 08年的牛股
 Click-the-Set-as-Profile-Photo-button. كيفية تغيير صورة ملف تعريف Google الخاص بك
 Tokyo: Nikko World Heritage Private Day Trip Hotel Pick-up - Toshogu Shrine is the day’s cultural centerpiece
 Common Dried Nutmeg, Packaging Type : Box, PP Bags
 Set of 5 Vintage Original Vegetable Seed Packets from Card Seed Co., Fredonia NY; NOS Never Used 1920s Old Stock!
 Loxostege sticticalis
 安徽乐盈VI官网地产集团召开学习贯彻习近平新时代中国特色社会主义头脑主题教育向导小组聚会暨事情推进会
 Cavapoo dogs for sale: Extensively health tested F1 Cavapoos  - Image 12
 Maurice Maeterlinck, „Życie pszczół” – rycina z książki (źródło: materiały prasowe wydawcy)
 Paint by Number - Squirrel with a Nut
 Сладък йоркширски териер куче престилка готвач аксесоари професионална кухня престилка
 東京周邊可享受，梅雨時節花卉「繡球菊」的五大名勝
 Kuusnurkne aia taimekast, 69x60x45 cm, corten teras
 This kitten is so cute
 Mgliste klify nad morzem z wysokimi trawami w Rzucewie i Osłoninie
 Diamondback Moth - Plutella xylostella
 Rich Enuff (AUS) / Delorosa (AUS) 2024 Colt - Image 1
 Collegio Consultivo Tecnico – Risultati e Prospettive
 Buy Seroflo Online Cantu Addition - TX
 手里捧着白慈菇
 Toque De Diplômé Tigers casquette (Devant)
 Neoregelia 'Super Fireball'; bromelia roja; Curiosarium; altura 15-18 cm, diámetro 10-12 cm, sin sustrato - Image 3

——————

[Exercise prompt]:
Every line that holds the word "Image" should be copied from the listing.

[Answer section]:
 Cavapoo dogs for sale: Extensively health tested F1 Cavapoos  - Image 12
 Rich Enuff (AUS) / Delorosa (AUS) 2024 Colt - Image 1
 Neoregelia 'Super Fireball'; bromelia roja; Curiosarium; altura 15-18 cm, diámetro 10-12 cm, sin sustrato - Image 3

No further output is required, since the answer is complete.